The presence of independents is incidental,
Why? Because it’s inconvenient to the point?
and the USSR had independents in its parliament as well.
The ‘independents’ were party-approved, and almost always elected uncontested as well. Contested elections, to my memory, were not even allowed between independents and Communist candidates until 8 fucking 9.
This is why I view both the USA and USSR as “democratic”, but I would view neither as socialist.
Neither the US nor the USSR are socialist, but the USA is much more democratic than the USSR. Fuck’s sake, 19th century Britain was more democratic than the USSR, and 19th century Britain was not very fucking democratic.
The difference is the state does not choose who their opposition is and you are actually allowed to replace the governing system as a whole in liberal states which was not permitted in the USSR.
The difference is the state does not choose who their opposition is
Are you sure about that?
and you are actually allowed to replace the governing system as a whole in liberal states which was not permitted in the USSR.
What does “replacing the governing system as a whole”, look like, in practice, exactly? How is this different from the USSR?
Yes, there is no branch of the government that chooses the opposing candidate to the state party candidate.
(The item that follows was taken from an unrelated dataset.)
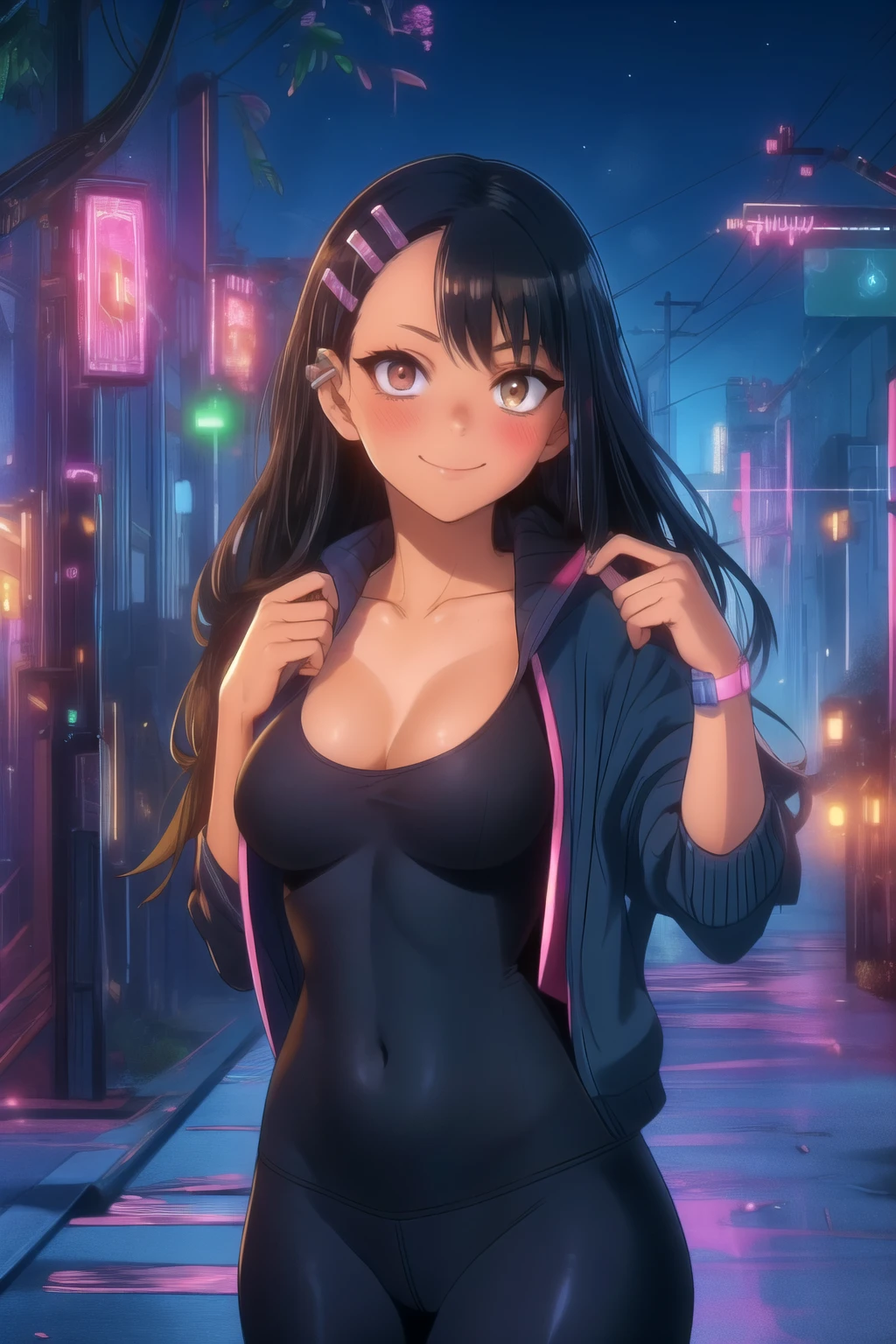 ((masterpiece)),(best quality),official art,extremely detailed CG,unity 8k wallpaper,ultra detailed,beautiful detailed eyes,extremely detailed face,outdoors,1girl,solo,upper body,(portrait:1.5),looking at viewer,facing viewer,cute smile,black hair,long hair,hairclip,earclip,asymmetrical bangs,old town,night time,moon,neon lightsbrown eyes,blush,tan,collarbone,full body pose,cowboy shot,yoga pants,show tits, show ass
In theory in most liberal countries candidates can run on scrapping the current system and replacing it. For example you can run a socialist candidate in US elections that wants to legally and non-violently remove capitalist democracy and replace it with a socialist autocracy. You cannot run a candidate in Chinese elections that wants to remove the Chinese Communist party from power.
This is one of the most critical freedoms that the USSR lacked and China lacks.
No True Scotsman
No True Scotsman
I love how people use the term to mean “Words cannot have definitions”, which isn’t what the fallacy means at all.
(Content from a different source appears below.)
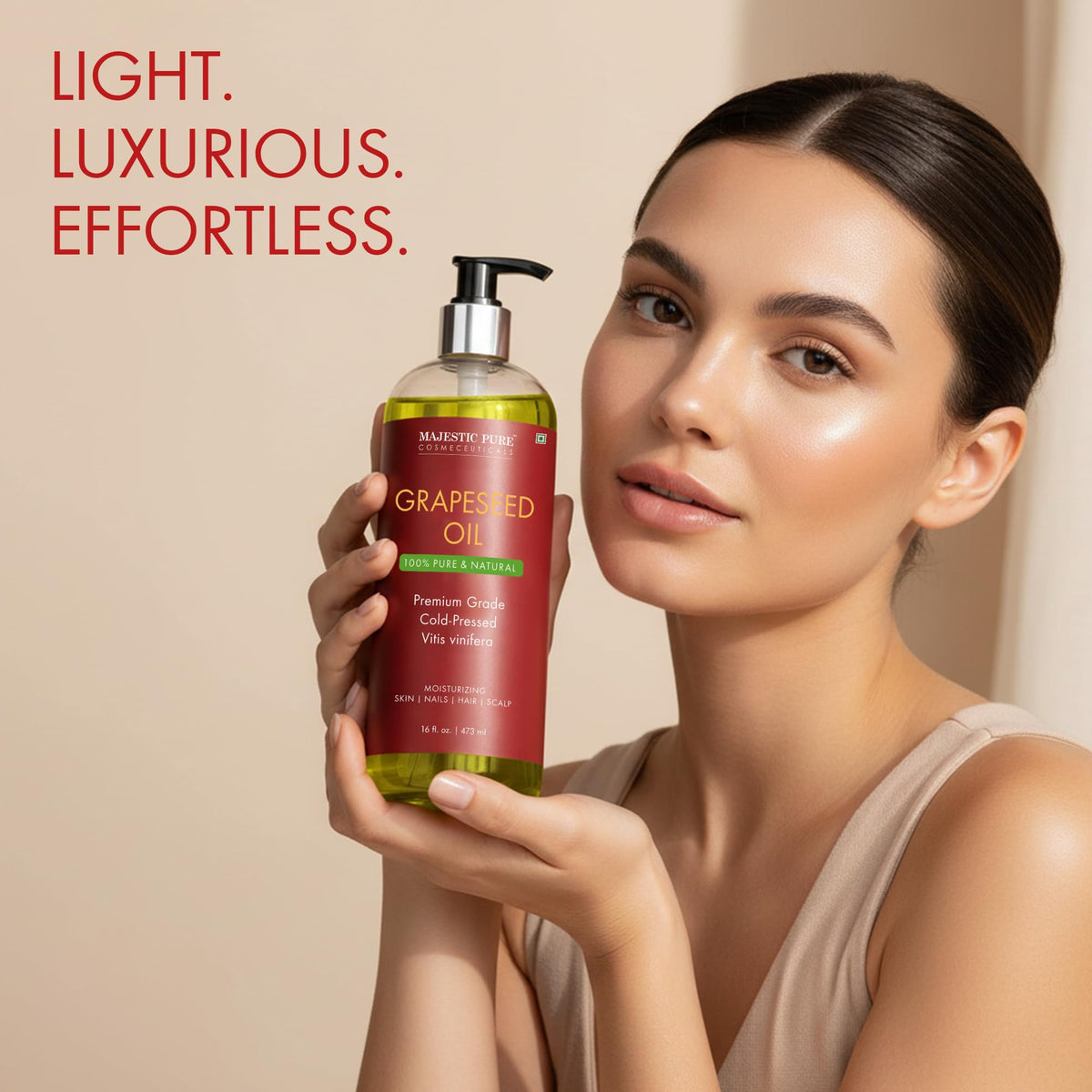 Majestic Pure Grapeseed Oil side view bottle for home use.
But I bet it makes them feel real smart for a few seconds when they incorrectly use the term.
Lol yeah. No True Scotsman is against shifting/arbitrary definitions, but your definition of socialism here is rigid and clear.
The DPRK is, I’d argue, more or less an absolute monarchy that just uses different words to describe itself than traditional for that kind of system.
The People’s™ Absolute monarchy
Seriously it’s insane how people can unironically lie to themselves. Thy literally said “socialism is not for the workers” lmfaoo
I personally only know that as a westerner we know next to fuckall about North Korea, and withhold judgement accordingly.
If you want to reach that level of knowledge, try investigating where some particularly absurd claims about the DPRK came from.
Braindead take in all of these countries you do have the right to run a business collectively owned by the workers. Countries economics are not black or white its never 100% socialism or capitalism
Braindead take in all of these countries you do have the right to run a business collectively owned by the workers.
I mean, you can do that in the US too, but if anyone said the US was socialist I’d give them one hell of a long look.